The Supreme Court has ruled that catalogue company Shop Direct Group (SDG) must pay corporation tax on a £125m VAT repayment relating to overpayments made over many years by companies in the Littlewoods corporate group which no longer trade, confirming earlier rulings handed down by the First Tier Tribunal, Upper Tribunal and Court of Appeal, reports Pat Sweet
These VAT overpayments were made on an incorrect understanding of law: the VAT was wrongly calculated when goods were sold to agents of the supplier with a discount for commission. The relevant supplies were made between 1978 and 1996 by companies within the group, including SDG.
VAT was paid to HMRC in relation to these supplies by the representative member of the group under section 43 of Value Added Tax Act 1994 (VATA 1994).
By 2007, following a series of reorganisations within the group, each of the companies which had made relevant supplies had permanently discontinued its trade.
In September 2007, SDG received the VAT repayment as beneficial owner at the time of receipt. The Supreme Court considered the issue of whether this was liable to corporation tax under the Income and Corporation Taxes Act 1988 (ICTA).

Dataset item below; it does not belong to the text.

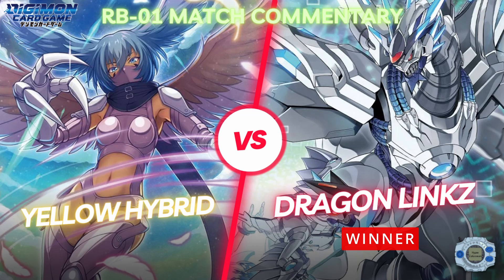Pretty interesting match — a bit of a slower one, but still a good showing from both players. You get to see a little of what Dragon Links can do; it's a very fun deck, and you get to see what Yellow Hybrid can do sometimes too. Shout out to Dante — he's working with what he's got, coming out to a BT13 locals and playing essentially a BT7 deck, which is about half the lifespan of the game. We'll be seeing more of him for sure. That was round one — hope you enjoyed it, moving on to round two very shortly. Bye!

Sections 103 and 106 of ICTA imposed a charge to corporation tax on post-cessation receipts from a trade, profession or vocation, in order to prevent tax avoidance by businesses choosing when to discontinue operating. [Shop Direct Group v Commissioners for Her Majesty’s Revenue and Customs  UKSC 7 On appeal from  EWCA Civ 255].
The Supreme Court unanimously dismissed SDG’s appeal, concluding that s103 does not contain an implicit restriction so that the charge to tax on post-cessation receipts falls only on the former trader whose trade was the source of the income.
Ruling on section 103
The judges gave three reasons in support of this conclusion.
First, there is nothing in the wording of s103 which necessitates such implication. The charge to tax is clear: where a trade has been permanently discontinued, corporation tax shall be charged on ‘sums arising from the carrying on of the trade… during any period before the discontinuance’.
Section 103(1) required only that the sums ‘are received’ after the discontinuance; it specified the source of the sums falling within the charge but imposed no further restriction.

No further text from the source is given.